-- ENTRIES SUPPLIED --
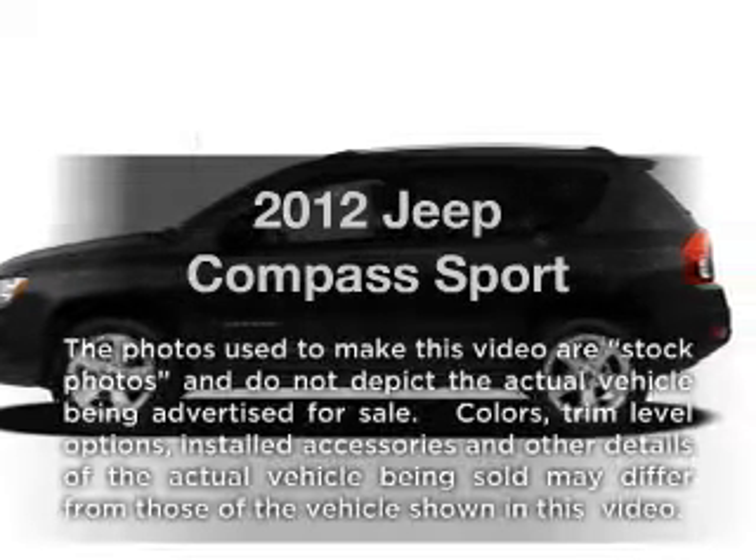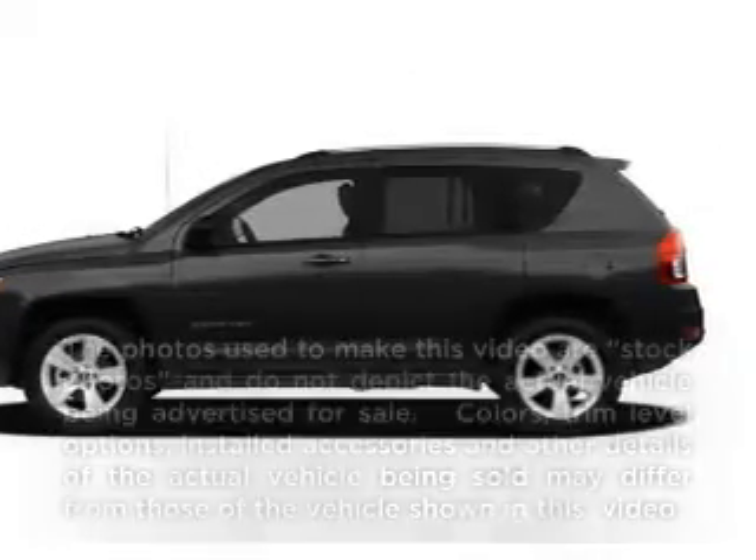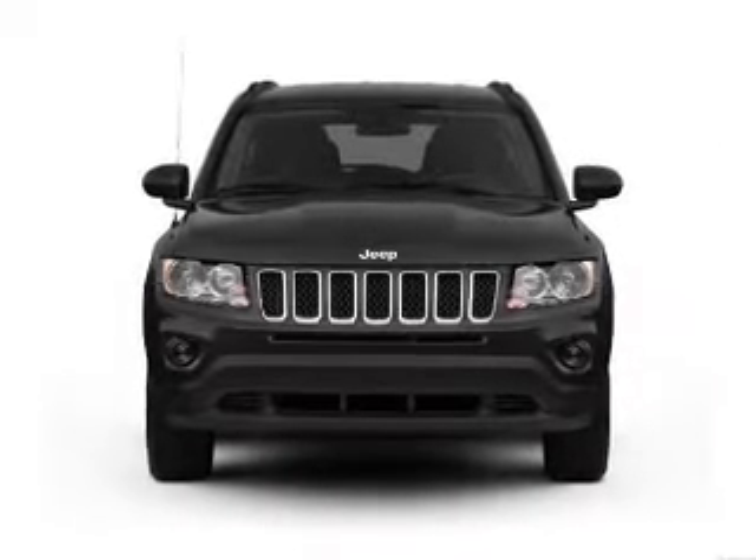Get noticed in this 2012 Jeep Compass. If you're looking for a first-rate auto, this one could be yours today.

--

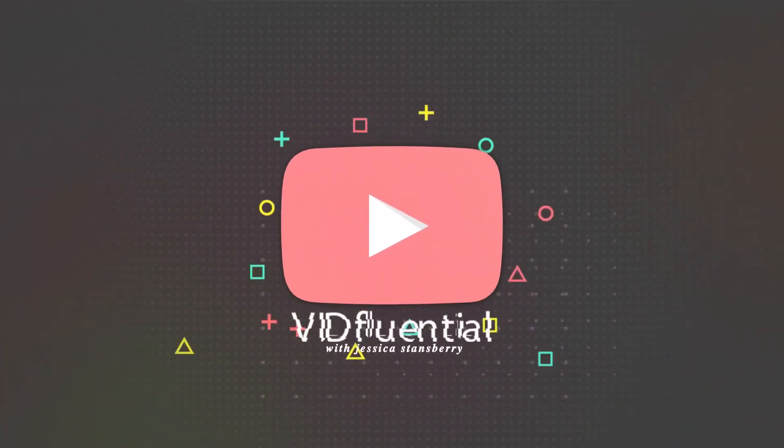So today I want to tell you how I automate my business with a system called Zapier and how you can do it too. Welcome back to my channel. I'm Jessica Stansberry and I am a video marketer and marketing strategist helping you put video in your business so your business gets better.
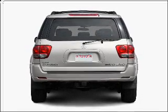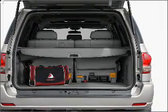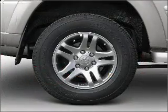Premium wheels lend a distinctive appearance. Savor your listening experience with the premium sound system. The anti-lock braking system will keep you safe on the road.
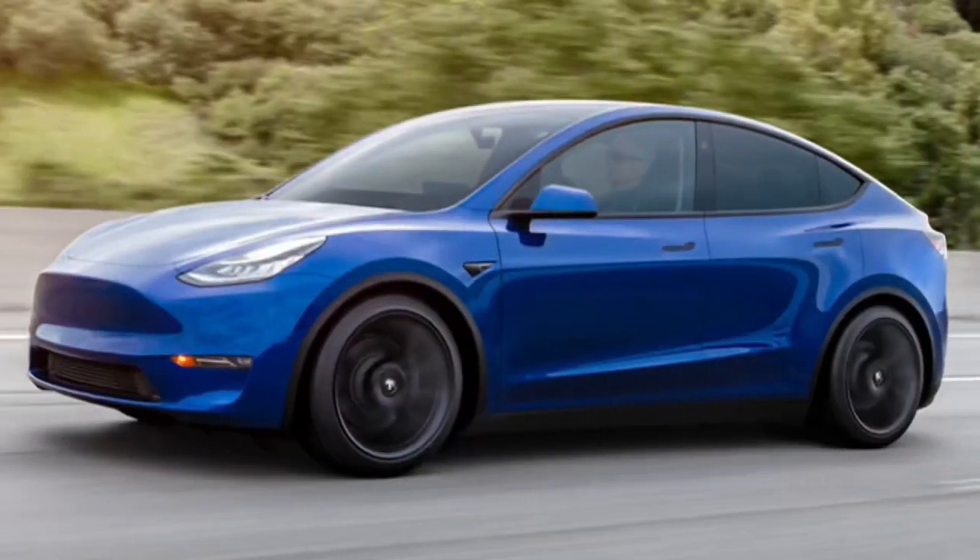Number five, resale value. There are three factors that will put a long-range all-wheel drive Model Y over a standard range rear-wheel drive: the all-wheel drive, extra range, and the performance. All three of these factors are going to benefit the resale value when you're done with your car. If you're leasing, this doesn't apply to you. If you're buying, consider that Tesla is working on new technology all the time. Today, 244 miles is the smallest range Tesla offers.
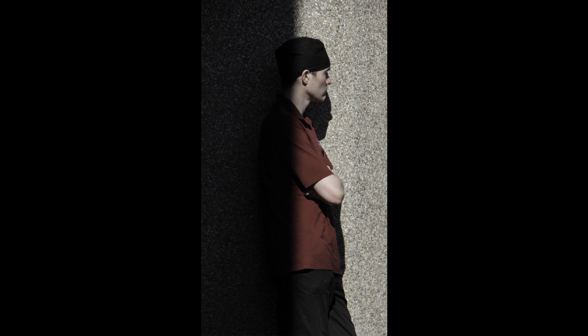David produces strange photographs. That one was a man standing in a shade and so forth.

-- EXERCISE AIM --
In the data above, find the line containing "So today I want" and the line containing "Premium wheels lend". Copy exactly the stretch from the first through the second, both included, leaving out any picture.

-- EXERCISE ANSWER --
So today I want to tell you how I automate my business with a system called Zapier and how you can do it too. Welcome back to my channel. I'm Jessica Stansberry and I am a video marketer and marketing strategist helping you put video in your business so your business gets better.
Premium wheels lend a distinctive appearance. Savor your listening experience with the premium sound system. The anti-lock braking system will keep you safe on the road.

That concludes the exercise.